* [PROVIDED RECORDS]
++++++++++

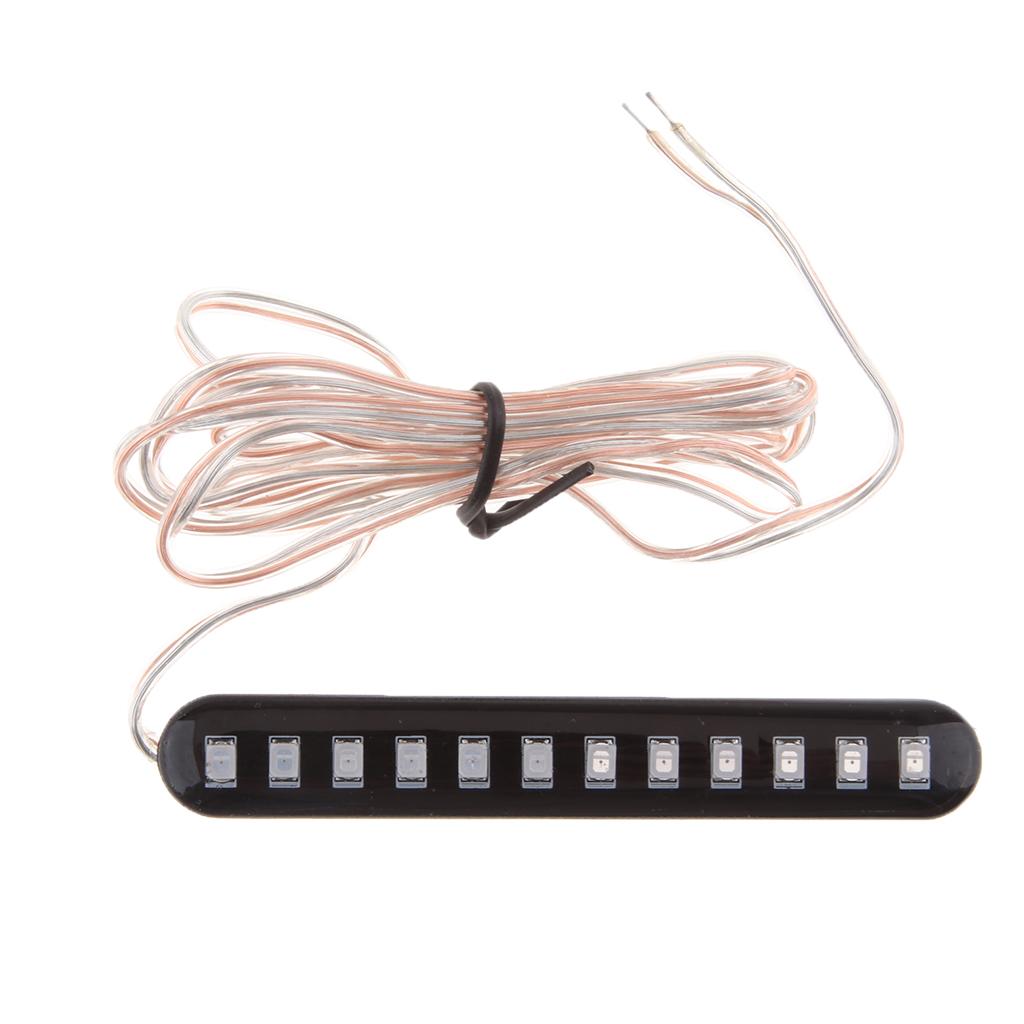 Universal Motorcycle 12LED Amber Light Turn Signal 12V Tail Lamp Indicator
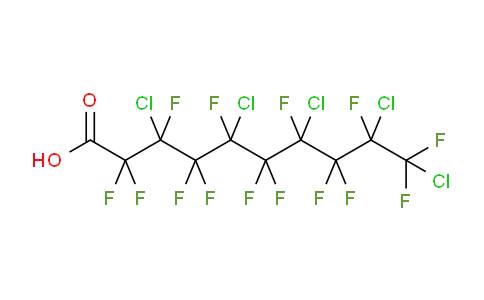 CAS No. 335-74-0, 3,5,7,9,10-pentachloro-2,2,3,4,4,5,6,6,7,8,8,9,10,10-tetradecafluorodecanoic acid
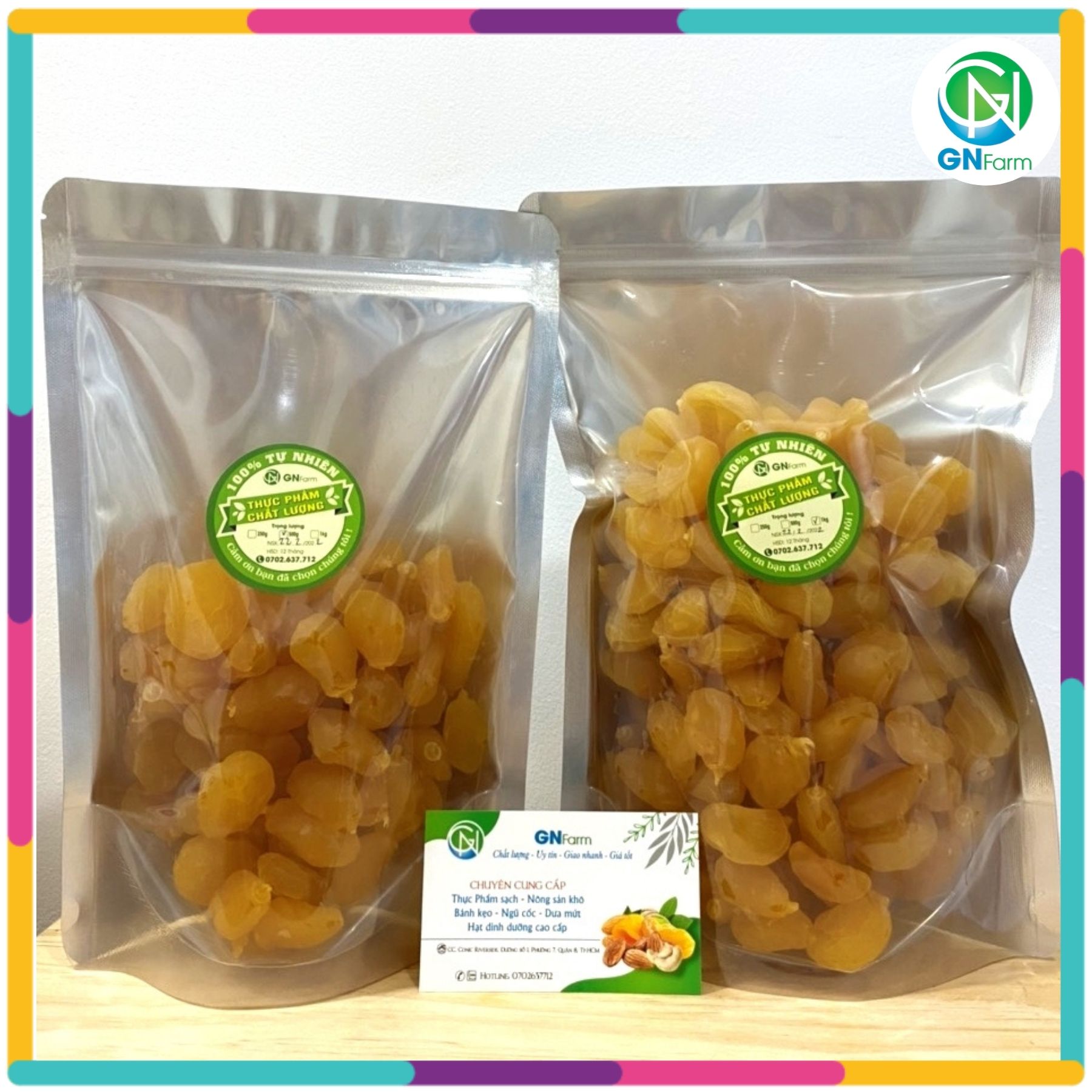 Mứt Đào Vàng Ô Mai Đào Giòn Chua Ngọt Thơm Ngon - Túi 1kg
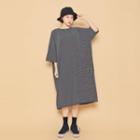 Striped Oversized T-shirt Dress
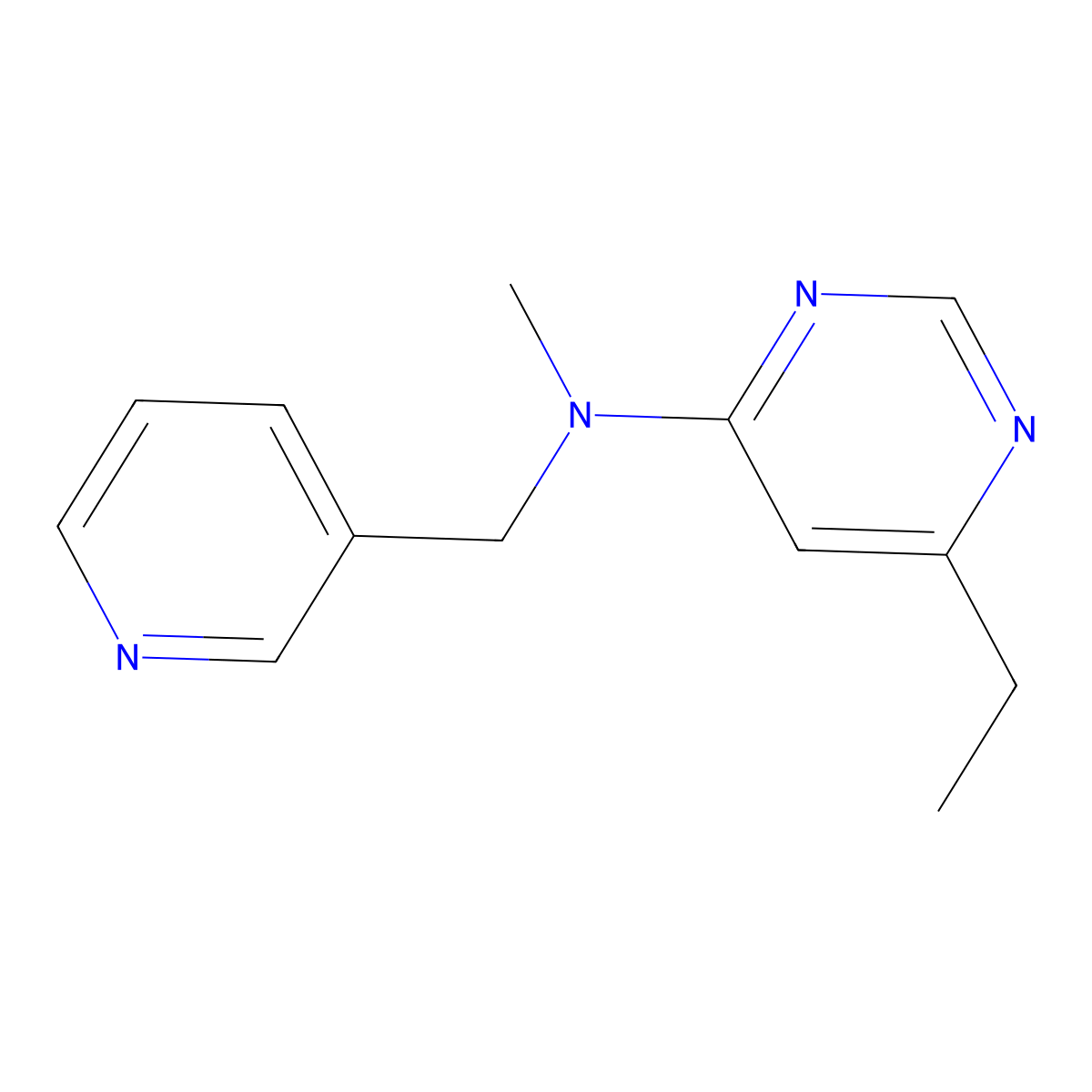 6-ethyl-N-methyl-N-[(pyridin-3-yl)methyl]pyrimidin-4-amine molecular structure, CAS 3054599-63-9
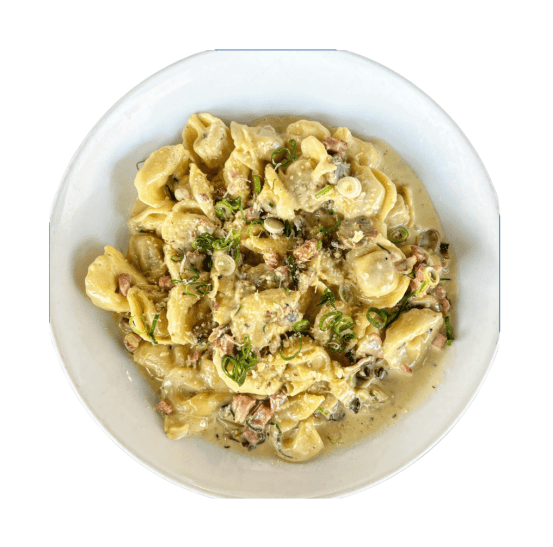 Beef Tortellini Boscaiola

++++++++++

* [TRY IT] Everything from the line containing "structure, CAS 3054599-63-9" to the last line of the records above should be reproduced exactly, except the pictures.

* [YOUR SOLUTION]
 6-ethyl-N-methyl-N-[(pyridin-3-yl)methyl]pyrimidin-4-amine molecular structure, CAS 3054599-63-9
 Beef Tortellini Boscaiola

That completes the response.